“Por isso, pondo de parte os princípios elementares da doutrina de Cristo, deixemo-nos levar para o que é perfeito, não lançando, de novo, a base do arrependimento de obras mortas e da fé em Deus, o ensino de batismos e da imposição de mãos, da ressurreição dos mortos e do juízo eterno.” | Hebreus 6:1-2
Leitura complementar: Hebreus 6:1-2 | Marcos 1:14-15 | Atos 20:21 | Hebreus 11:1 | Romanos 10:10-17 | Tiago 2:19 | Gênesis 15:6 | Marcos 11:22 | Atos 8:26-40 | Marcos 1:24 | Lucas 18:8b.
Introdução
A postagem de hoje é a segunda da série de mensagens dos Princípios Elementares da Doutrina de Cristo e falaremos sobre a fé em Deus, conforme apresentada pelo escritor de Hebreus ao mencionar estes princípios. Se você ainda não leu a primeira parte, leia também Os Princípios Elementares: O arrependimento de obras mortas.
Mais uma vez, sugiro que você leia e estude estes tópicos fundamentais, porque existem muitas pessoas com anos de comunhão no meio do povo de Deus que ainda não entenderam a profundidade destas coisas. Talvez não seja exatamente o seu caso, mas aprofundar-se neste tema lhe dará ferramentas para examinar a sua caminhada perante Deus e ainda lhe dará autoridade para ajudar todos quantos estiverem ao seu alcance.
A fé, neste sentido, talvez seja o fundamento cristão mais importante de todos, pois sem ela é impossível seguir neste caminho perfeito.
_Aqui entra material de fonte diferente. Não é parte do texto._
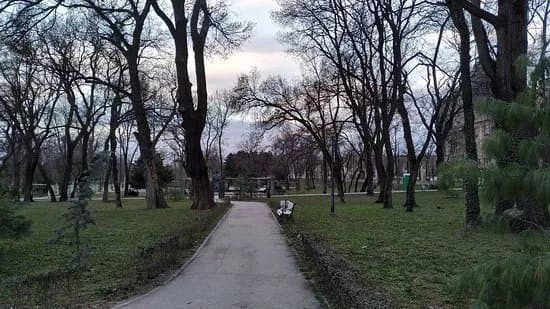 Parcul Regina Maria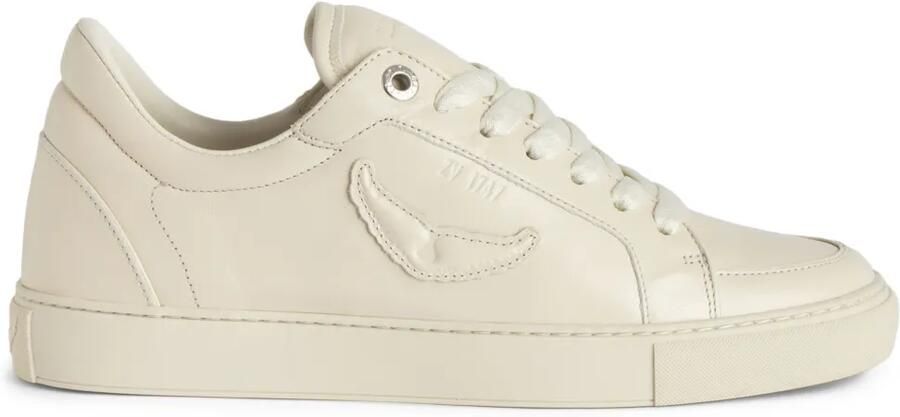 Zadig&Voltaire Fly On sneakers Beige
E, como veremos, existe a fé verdadeira e a fé falsa. Saber identificar a nossa fé pode determinar o nosso futuro perante Deus e até mesmo nossa salvação naquele grande Dia.
Arrependimento & Fé
“[...] testificando tanto a judeus como a gregos o arrependimento para com Deus e a fé em nosso Senhor Jesus [Cristo].” | Atos 20:21
Existe uma relação inseparável entre arrependimento e fé, claramente exposta na Palavra de Deus. Confesso que eu só me atentei para essa relação fazendo este estudo, o que é fantástico, visto que conheço este tema há muitos anos. Como vimos no estudo anterior, o arrependimento significa uma mudança radical de mente, julgamento, disposição e direção perante Deus. É converter-se inteiramente ao Senhor. É mudar totalmente a nossa mente e a direção da nossa vida para deixar as obras mortas da carne. Ou seja, o arrependimento é uma firme decisão que remove as obras mortas da nossa vida por inteiro.
Por outro lado, a fé deve ocupar o lugar que outrora estava entregue às obras mortas em nossa vida. Ela preenche o vazio que fica depois que nos arrependemos e, por isso, o arrependimento e a fé devem andar sempre juntos. Saem as obras mortas e entra a fé em Deus.
O arrependimento e a fé formam um mesmo caminho em direção ao trono da graça. Pelo arrependimento, voltamo-nos para Deus, abandonando as obras mortas; pela fé, repousamos em Cristo e em Sua obra. Ambos fazem parte da realidade da conversão produzida pelo Espírito Santo em nossos corações.
O arrependimento é para com Deus, ou seja, em direção a Deus (εἰς). Arrependemo-nos porque sabemos que estamos distantes de Deus e carecemos da Sua graça. Ao mesmo tempo, a fé que é gerada em nós volta-se para o Cristo de Deus (εἰς), o nosso Senhor Jesus.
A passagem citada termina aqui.